We know that there are many people who have something to teach (and are willing to teach it), and many more that are interested in learning. In Marketing we call these people contributors and consumers (or appropriate buzzword of the day). The sources have been identified; their motivations are known… so why not really push the education aspect and use the wiki metaphor to build eLearning? The tools already exist, and I’ve build proofs-of-concept of several of the technology bridges required to make this happen. Mediawiki as the CMS, a service layer for distribution based on most of the common protocols. The only large piece ( and likely the reason this hasn’t been built yet ) is the learning management system. These systems are traditionally a huge pain to implement, and no good open source options exist yet. Their size and complexity requires a full software development team, project managers, business analysts and most of all funding.

Business Model

While my vision of this project has always been in the non-profit sector, I propose that you can not only source eLearning content from an open community, but can also make it available to anyone, world wide, free of charge, and still be profitable, simply by taking a page from MIT’s book: Make the content freely available, but charge for the degree. In this projects’ case, users would be able to consume, review, edit and test themselves against every single line of text and every course in the database, yet if a student wants a validated transcript there’ll be a small processing fee: $1, maybe $5, no more than that. There would be a similar deal for corporations- if you want to use our e-learning you can either have the SCORM package for your own LMS, or set up a validation gateway with our system so students can easily take their training certifications from job to job.

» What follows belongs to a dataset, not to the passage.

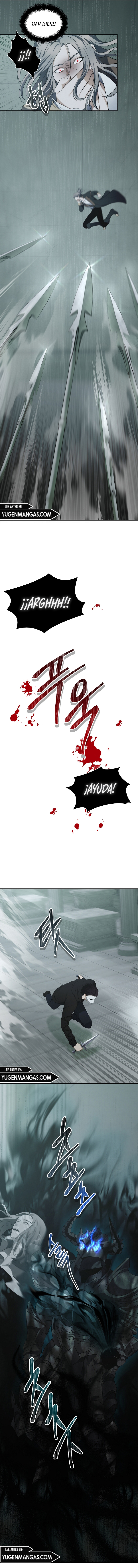 Read Segunda Vida para Ser un Ranker ES Manga Online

Delivery channels can vary- you could complete a short module on a mobile device, download one to a Kindle, take it on your home PC or laptop, or even download it to a remote machine, kiosk or testing center. The key here is to make distribution as easy as possible, to build eLearning into a Rich Networked Application that is available via every reasonable channel of media consumption.

The best part of this project is that the company would be building a treasure trove of community approved and vetted educational content. This could be freely distributed to OLPC, schools the world over, universities, etc etc etc. Can education be free and easily accessible? It should be, and I don’t see why it can’t.